[TASK OBJECTIVE]
Copy exactly, and only, the lines from the line containing "May include: A" through the last line of the records below, both included, and leave out any pictures.

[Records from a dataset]

▬▬▬▬▬▬

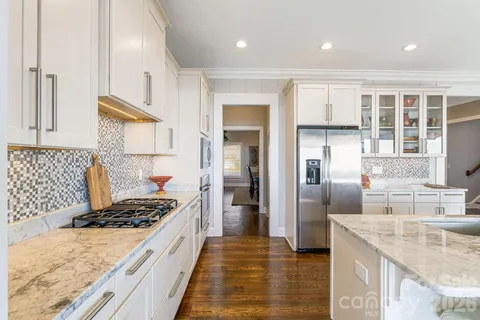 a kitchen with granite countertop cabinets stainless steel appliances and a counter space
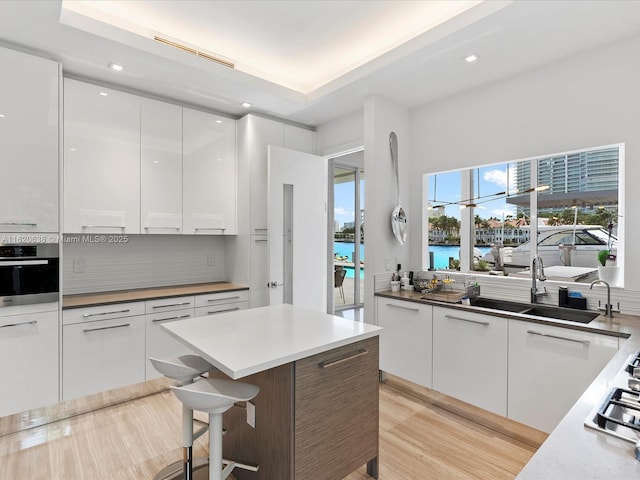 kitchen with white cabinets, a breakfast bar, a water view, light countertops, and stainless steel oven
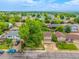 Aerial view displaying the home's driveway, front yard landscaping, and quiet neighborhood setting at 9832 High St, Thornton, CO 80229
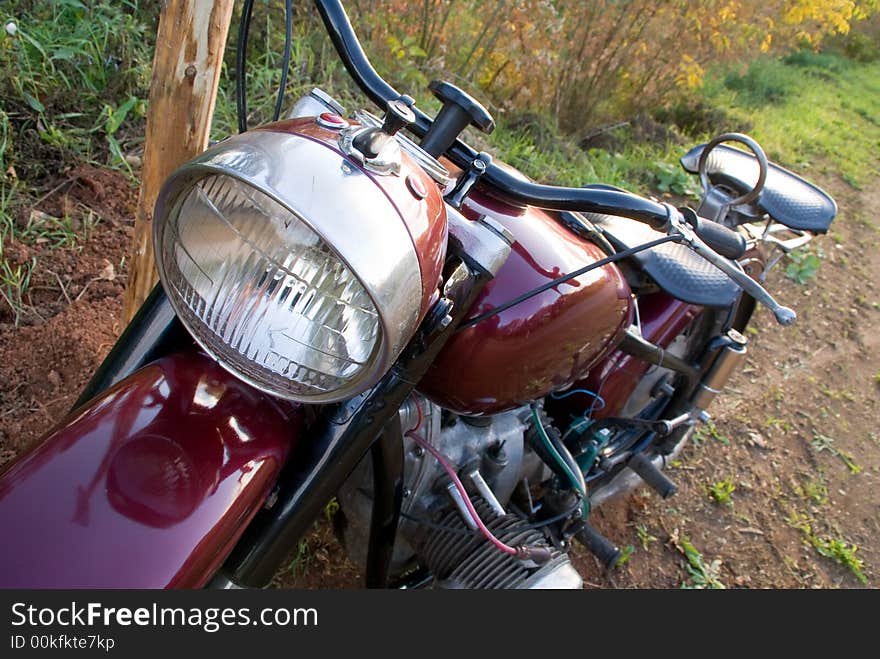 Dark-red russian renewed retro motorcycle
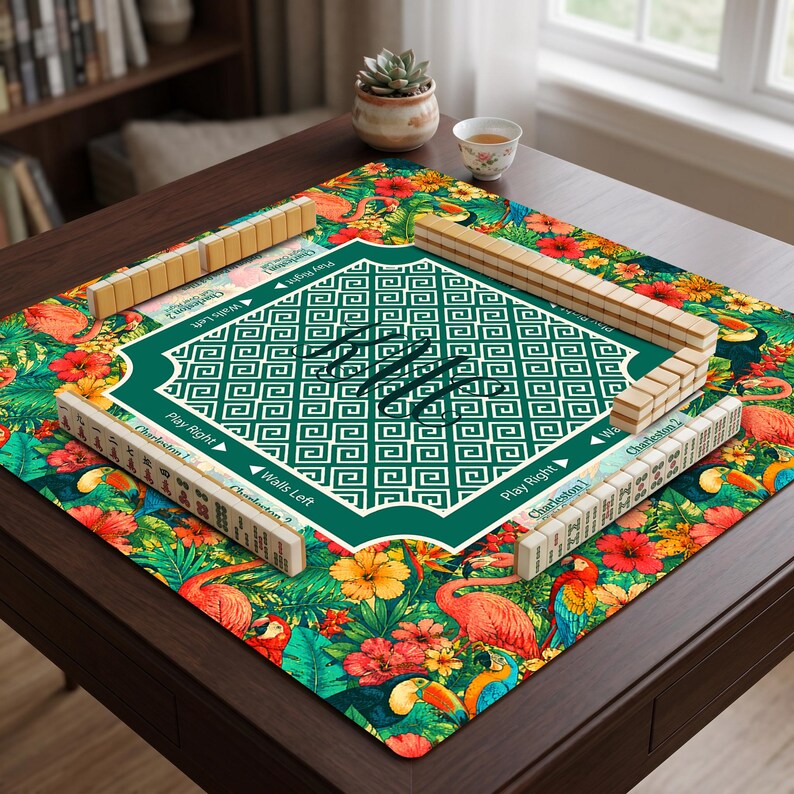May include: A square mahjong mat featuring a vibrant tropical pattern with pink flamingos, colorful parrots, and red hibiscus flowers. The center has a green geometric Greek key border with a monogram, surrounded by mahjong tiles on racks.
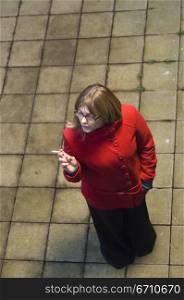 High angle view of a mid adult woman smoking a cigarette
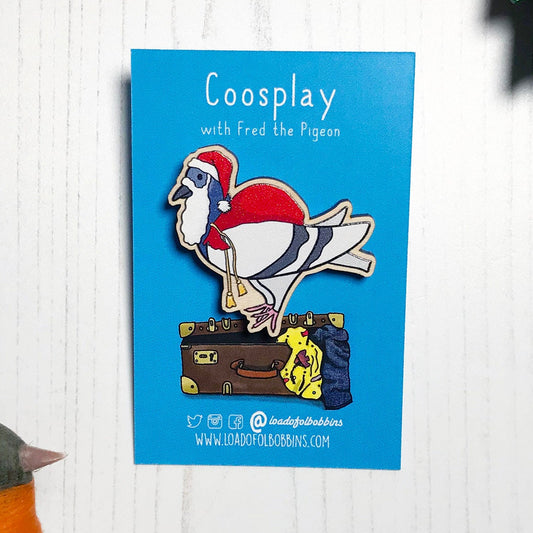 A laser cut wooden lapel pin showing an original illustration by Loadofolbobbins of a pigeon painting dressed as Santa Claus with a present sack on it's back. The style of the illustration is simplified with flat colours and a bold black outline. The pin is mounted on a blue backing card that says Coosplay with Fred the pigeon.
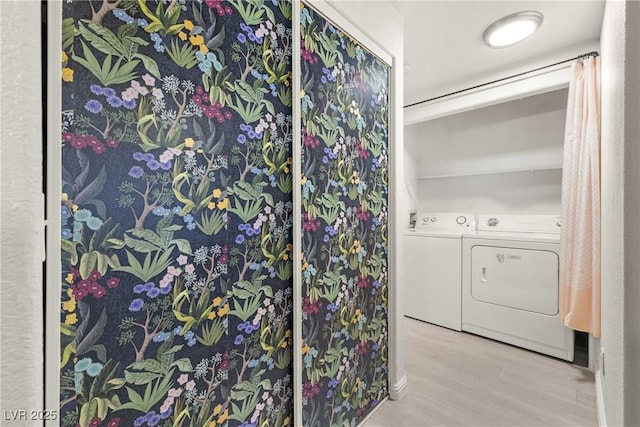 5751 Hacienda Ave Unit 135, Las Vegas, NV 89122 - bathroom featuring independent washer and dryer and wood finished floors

▬▬▬▬▬▬

[TASK RESULT]
May include: A square mahjong mat featuring a vibrant tropical pattern with pink flamingos, colorful parrots, and red hibiscus flowers. The center has a green geometric Greek key border with a monogram, surrounded by mahjong tiles on racks.
 High angle view of a mid adult woman smoking a cigarette
 A laser cut wooden lapel pin showing an original illustration by Loadofolbobbins of a pigeon painting dressed as Santa Claus with a present sack on it's back. The style of the illustration is simplified with flat colours and a bold black outline. The pin is mounted on a blue backing card that says Coosplay with Fred the pigeon.
 5751 Hacienda Ave Unit 135, Las Vegas, NV 89122 - bathroom featuring independent washer and dryer and wood finished floors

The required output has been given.